How many puppies do you think she will have? You can even try to guess the colours. Hint, mum is black, dad is black/blue. Mums dad is white, dads dad is white. Mostly white and black breeding. And to get really tricky, you can try to guess all this with the sexes.

This is mum running and dad stacking


----------



## Sivaro (Sep 19, 2008)

Whoops clicked post before pics


----------



## Pamela (Sep 9, 2008)

awwwww so dear!
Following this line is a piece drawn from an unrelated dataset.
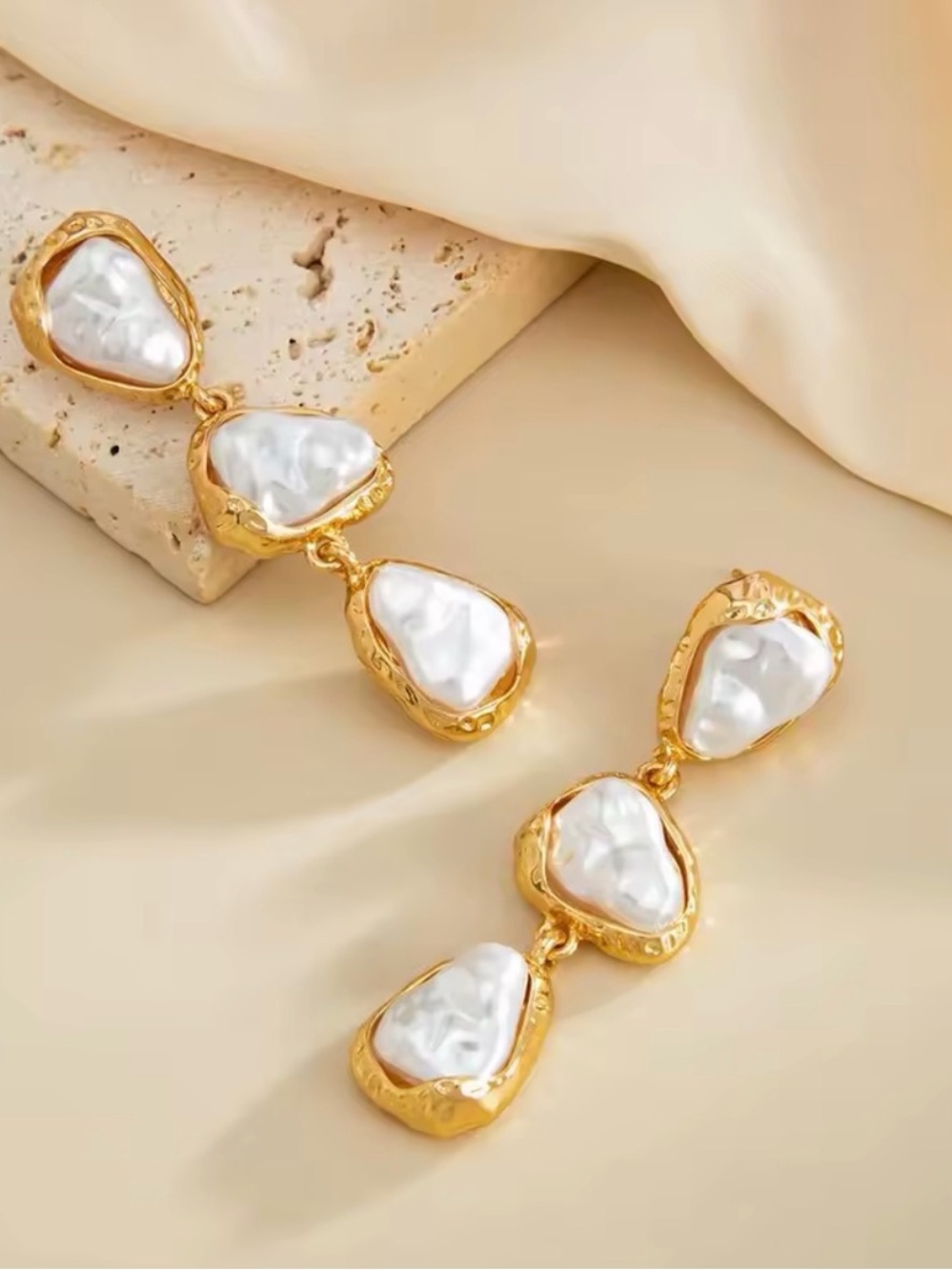 Drop Gold Triple White Baroque Pearl Drop Earrings - Picture 7 of 9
I will guess 3 - 2 boys and a girl all black. lol never did this before!


----------



## Pamela (Sep 9, 2008)

watch - she'll probably have six! lol


----------



## spoofan (Dec 11, 2008)

My guess is 4.


----------



## MakeShift Heart (May 2, 2009)

i'm gonna guess 3-5


----------



## Purple Poodle (May 5, 2008)

I'm gonna say 5: 3 male 2 female, 2 white 3 black.


----------



## Sivaro (Sep 19, 2008)

Im thinking 4 like last litter. 2 whites, 2 blacks, 3 girls one boy


----------



## WonderPup (Oct 26, 2008)

I'm going to say 3-4 no guess on color or sex... I always leave that up to the puppy gods. Although I have been known to rub my girls tummy's whispering "black and tan, black and tan, black and tan.... " LOL


----------



## FUZBUTZ (Aug 23, 2008)

My guess is 4. 2 girls and 2 boys. 3 black, 1 white. Do we win one of your pups if we are right? LOL


----------



## passion4poodles (Apr 11, 2009)

FUZBUTZ said:


> My guess is 4. 2 girls and 2 boys. 3 black, 1 white. Do we win one of your pups if we are right? LOL


LMAO!!!!!! That was my thought exactly!!!!!!! OMG great minds right!!!! Ok, so You are probably right Siv, but I am going to guess 5 2 male 3 female and 1 blue, 3 blacks 1 white. I really have no Idea but seemed like a good guess LOL!


----------



## Sivaro (Sep 19, 2008)

FUZBUTZ said:


> My guess is 4. 2 girls and 2 boys. 3 black, 1 white. Do we win one of your pups if we are right? LOL


bahahahaha, ound: I wish I could


----------



## Sivaro (Sep 19, 2008)

passion4poodles said:


> LMAO!!!!!! That was my thought exactly!!!!!!! OMG great minds right!!!! Ok, so You are probably right Siv, but I am going to guess 5 2 male 3 female and 1 blue, 3 blacks 1 white. I really have no Idea but seemed like a good guess LOL!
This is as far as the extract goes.